The sparkle is returning to Signet diamonds — at least in the eyes of investors.  

The American jewelry company reported its fourth-quarter fiscal year 2019 results Wednesday before the bell, reporting decreases on both top and bottom lines.

Total sales for the period ending Feb. 2 fell 6 percent to $2.15 billion, down from $2.2 billion a year earlier. The company’s bottom line turned red: a loss of $116.2 million for the quarter, compared with gains of $343 million a year earlier.

Same-store sales, across the entire company’s portfolio, which includes jewelry brands Kay, Zales, Jared, Piercing Pagoda, James Allen and Peoples, fell 2 percent. The company’s one bright spot was Piercing Pagoda, where same store sales shot up 17.1 percent during the quarter. Meanwhile, in-store sales at Kay, Jared and James Allen were all in the red.   

Even so, the results were better than expected and the stock ticked ahead nearly 2 percent Wednesday morning after the market opened.  

“We made progress on our Path to Brilliance initiatives,” Virginia Drosos, chief executive officer of Signet, said in a statement, referring to the initiative that began in fiscal year 2019. “However, we did not finish the year as strongly as expected due to a highly competitive promotional environment, continued consumer weakness in the U.K., and lower-than-expected customer demand for legacy merchandise collections that impacted our holiday fourth-quarter results.

“Using important learnings from year one of our transformation, as we look forward to fiscal [year] 2020, we are accelerating initiatives to further develop the seamless and personalized omnichannel jewelry experience that Signet can uniquely provide,” Drosos said.  

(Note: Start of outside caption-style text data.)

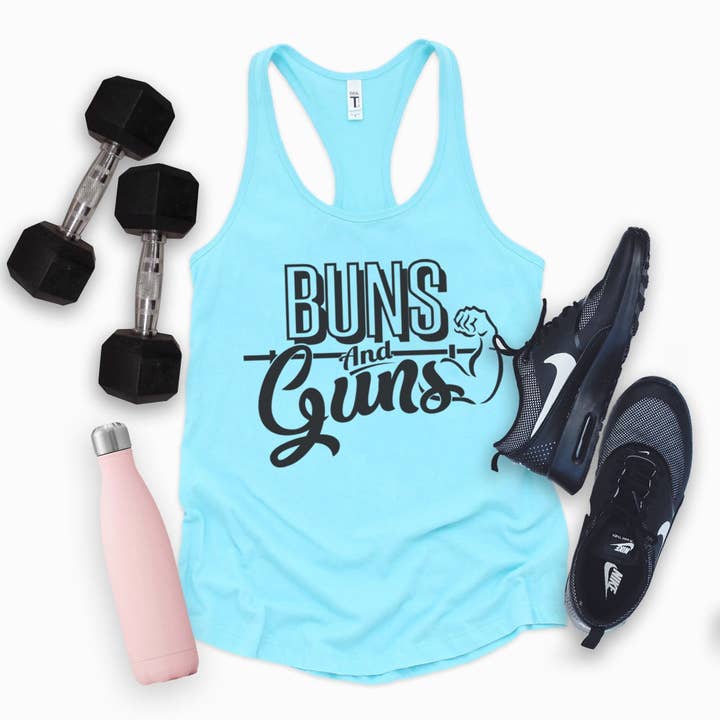 Camiseta de gimnasia divertida Buns & Guns | Camiseta sin mangas de fitness para venta al por mayor de Stiles Tee Co.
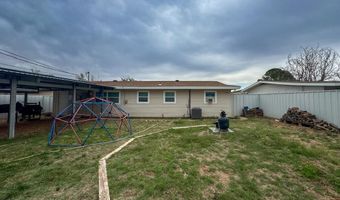 414 SW 9th St, Andrews, TX 79714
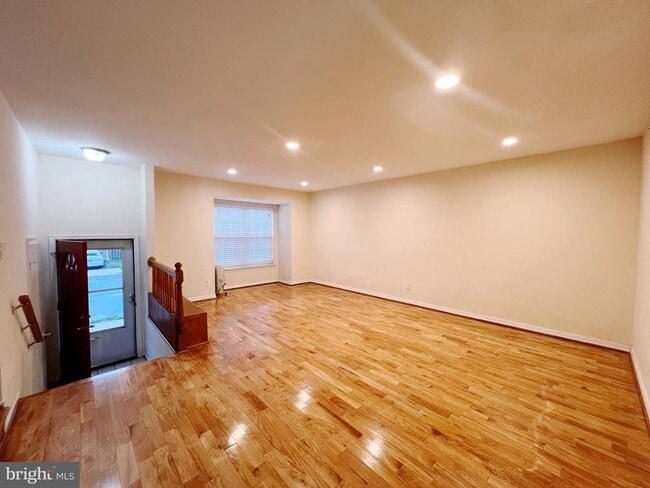 Primary Photo - 6 Lazy Hollow Way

She added on the conference call with analysts on Wednesday that the “multiyear journey” will include initiatives, such as adding more exclusive pieces, both in store and online, as well as customized products and full-service offerings, such as repairs and piercings. The company will also continue to invest in “modernizing content and messaging” and technology for its mobile and online platforms.

In fact, the executive said the company year will be the first time Signet spends more money on digital and social media marketing than television advertisements.

Signet will also continue to “optimize real estate, working toward a portfolio of fewer, better stores,” Drosos said. That includes exiting “lower-grade malls” and regional banners. 

Still, the ceo pointed out that the company will continue to “see some headwinds from legacy brands” through the coming year, including same store sales flat to down and reduced revenues for the year.